For as the years rolled on the union between Charles and Henrietta proved to be no passing affection born of youth and beauty, but the deep and increasing love of true marriage. It was as impossible for Henrietta as for any other good wife, whether princess or peasant, to consider a course of action apart from the interests of her husband, and those who had dealings with her had to learn, sometimes painfully, that her first consideration must always be he of whom she was accustomed to write, with pretty formality, as "le roi Monseigneur."

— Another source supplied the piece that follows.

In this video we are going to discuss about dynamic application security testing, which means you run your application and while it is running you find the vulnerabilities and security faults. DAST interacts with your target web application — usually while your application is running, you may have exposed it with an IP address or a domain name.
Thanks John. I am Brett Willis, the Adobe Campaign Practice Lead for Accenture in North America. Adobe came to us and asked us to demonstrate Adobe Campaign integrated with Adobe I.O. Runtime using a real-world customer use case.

She is considered, and rightly, to be a Queen of Tragedy. But in any estimate of her life it must be remembered that she had at least twelve years of such happiness as seldom falls to the lot of a royal woman. If later she was to find out that
"There is no worldly pleasure here below Which by experience doth not folly prove,"
now she was learning
"But among all the follies that I know The sweetest folly in the world is love";[102]

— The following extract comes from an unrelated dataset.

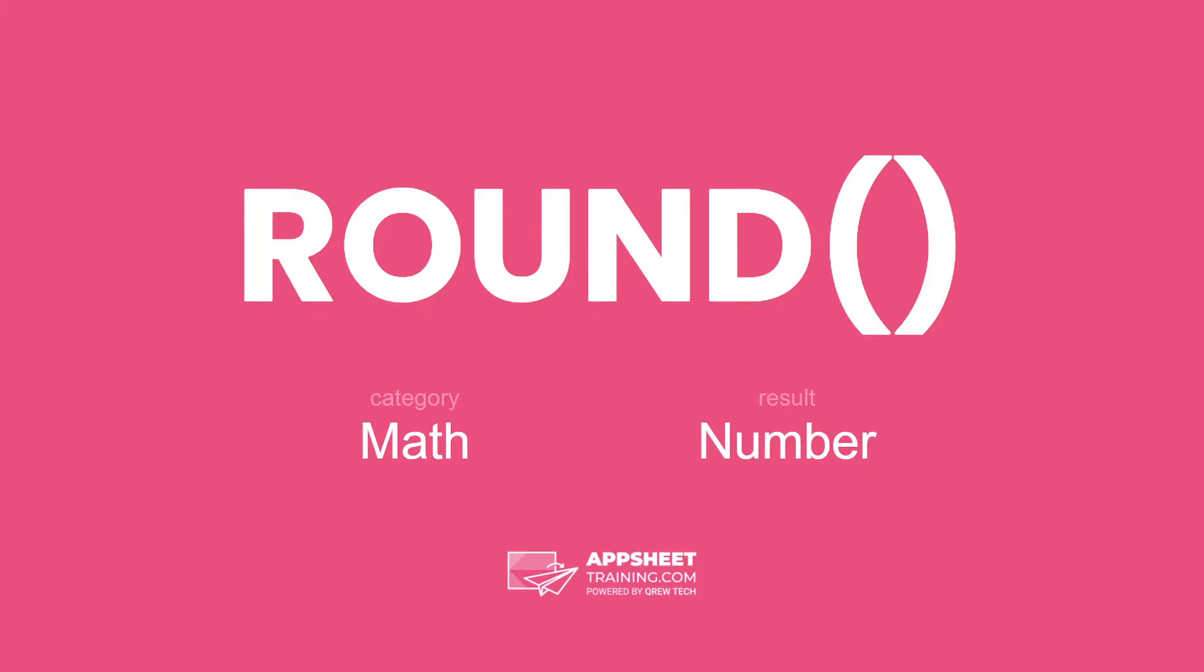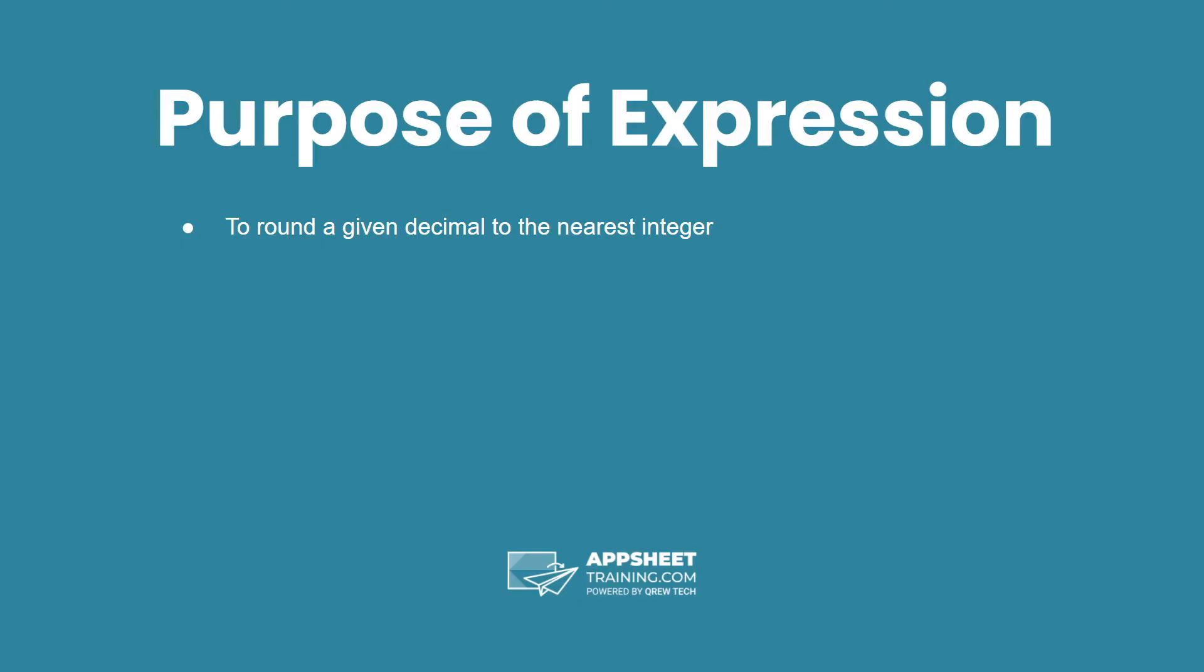The round expression is in the math category and results in a number data type. The purpose of this expression is rounding a given decimal to the nearest integer.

and thus rank and riches, which to the unhappy are but an aggravation of their misery, could yield to her their truest pleasure. Moreover, she never had to learn, like poor Anne of Austria, how
"Rich discontent's a glorious Hell."[103]
Sorrow, when it came, stripped her bare of the mocking accessories of joy.
[ [61]In England Henrietta Maria was known as Queen Mary, but she always used the signature "Henriette Marie."